**What is expected**:
Every line in the data below from the one containing "People hiking with poles in Nepal" down to the one containing "Decorative wall art", both included, must be retyped exactly; no other line is to appear.

**Source data**:
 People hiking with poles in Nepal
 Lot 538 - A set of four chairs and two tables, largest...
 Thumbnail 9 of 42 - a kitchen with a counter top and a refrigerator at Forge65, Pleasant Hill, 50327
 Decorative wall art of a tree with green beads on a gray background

* * *

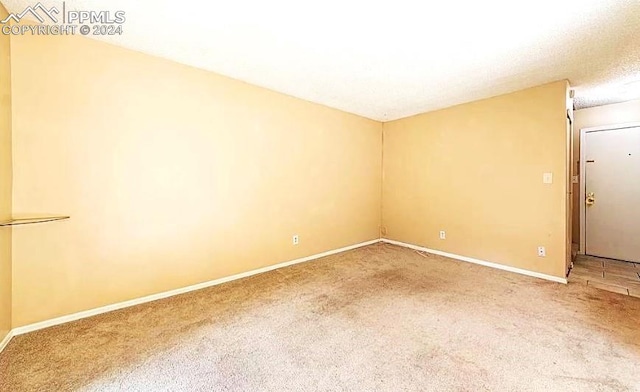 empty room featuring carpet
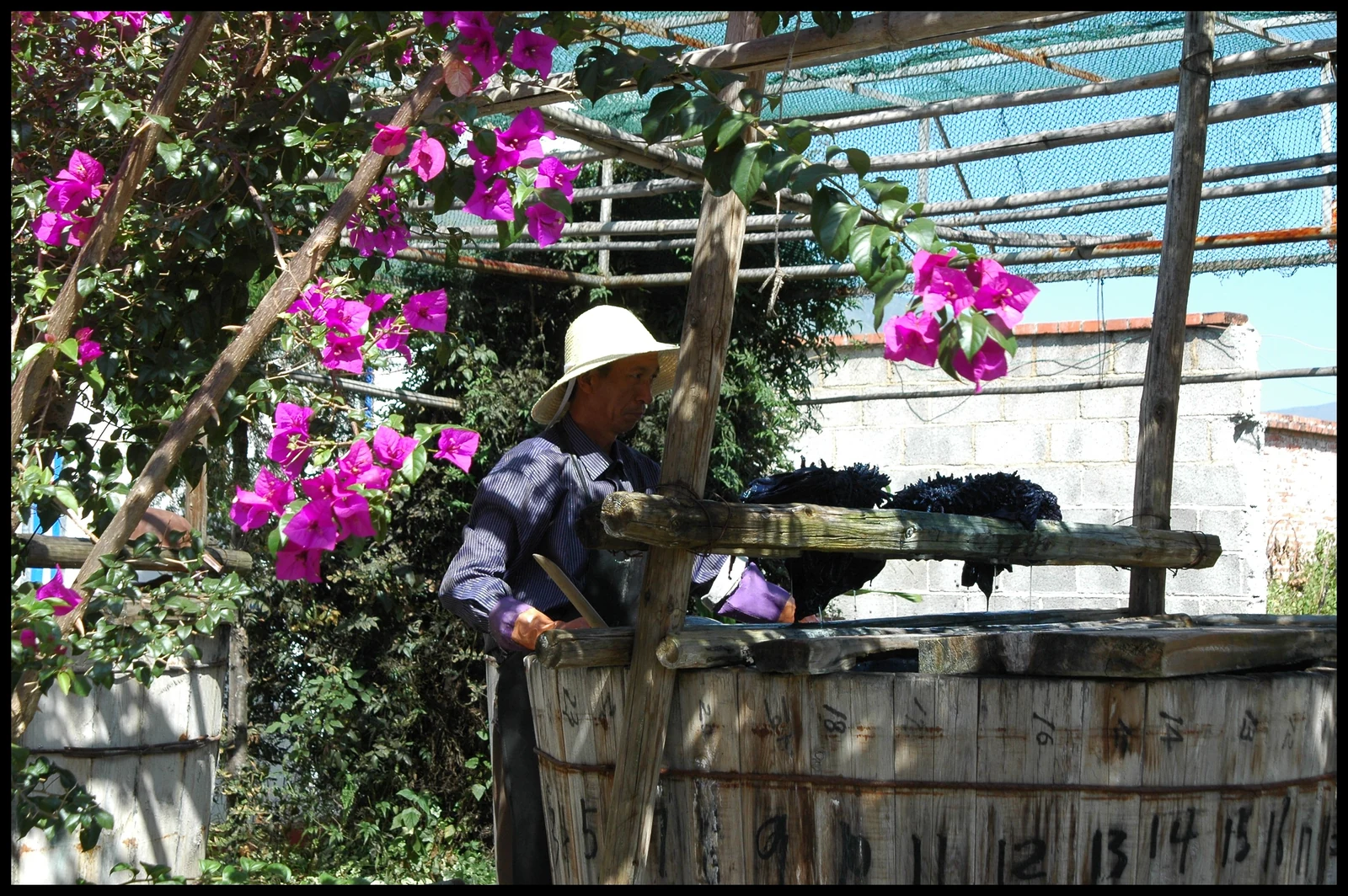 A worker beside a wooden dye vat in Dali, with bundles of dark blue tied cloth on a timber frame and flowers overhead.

**Finished exercise**:
 People hiking with poles in Nepal
 Lot 538 - A set of four chairs and two tables, largest...
 Thumbnail 9 of 42 - a kitchen with a counter top and a refrigerator at Forge65, Pleasant Hill, 50327
 Decorative wall art of a tree with green beads on a gray background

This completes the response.